On-Premise Solutions

For on-premise software, the traditional partner discount off list price is 40 percent. If you are paying your salespeople upwards of a 10 percent commission – the reseller margin might seem high.

Realize that just like you, resellers need to make a profit. Most on-going, successful software companies build a budget that produces a pre-tax profit of 15-to-20 percent. A reseller’s profit margin may not be that high…but they need to make money to survive.

The 40 percent partner discount breaks down as follows:

  • 20 percent to cover sales and marketing costs
  • 20 percent to cover overhead (support, billing/collections etc) and profit margin

This explains why a 30 percent margin isn’t effective for those who invest in sales and marketing. It doesn’t give the reseller enough to cover their costs.

The reality is, most resellers don’t invest in sales and marketing – they want you to do the lead generation for them. In which case you shouldn’t be paying them 40 percent.
You may want to consider having two tiers of pricing:

  • 10-to-20 percent for resellers that rely on you to do the marketing
  • 40 percent or more for resellers who are self-sufficient.

Cloud-based Solutions

What happens to discounts for Cloud solutions?

With payments coming in the form of subscriptions, is there enough margin to keep everyone happy? Vendors usually look at the equation from their own perspective and decide they can’t afford 40 percent. They go to their partners with an offer of 20-to-25 percent and sometimes less for renewals.

For the partners it comes down to simple math. If they have been selling software with a list price of $100K and 20 percent maintenance – they get $48,000 when they close the deal.

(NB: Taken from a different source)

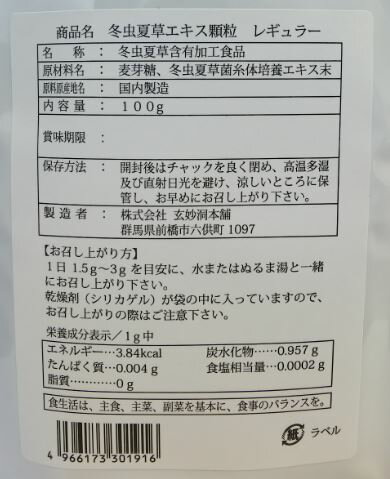 冬虫夏草エキス 顆粒 レギュラー 100g 3個セット【送料無料】【正規取扱店】【5】 2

Now, looking at the same transaction, but on a subscription basis, the typical conversion pricing leads to an annual payment of $53,000, with maintenance included. If the partner is lucky enough to get a 40 percent margin from you, and they can collect the first year up-front, they get $21,000. This is why, given the choice, partners will almost always push the on-premises version. Even if they were to get a 40 percent margin on renewals, it would take them almost three years before they collect the same amount they would for selling an on-premise plus maintenance for three years.

Many vendors recognize this is a challenge and are offering an aggressive discount structure to attract partners. NetSuite, for example, has a program called SP100 that gives partners a choice if they bring in a contract for two years or longer:

  • 100 percent of the first year subscription, and 10 percent of all renewals; or
  • 50 percent of the first year subscription and 30 percent on all renewals

For most companies, this is not a viable option – they cannot give away the first year’s revenues. However, it does highlight how important margins are to partners. Our recommendation is to offer partners the same percentage discount for on-premise and subscriptions. However, over time partner margins are likely to decline, for the following reasons:

  • Even a 40 percent discount will be hard to sustain because of the costs you incur to host and maintain your Cloud solution, which erodes your margin more than on-premise software.
  • Many of the big vendors are driving down partner margins, pushing their channels to generate more services to offset the lower discounts.
  • As more partners build up their recurring revenue stream, and have a guaranteed cash flow that covers all or most of their operating expenses, they will become less reliant on product margins.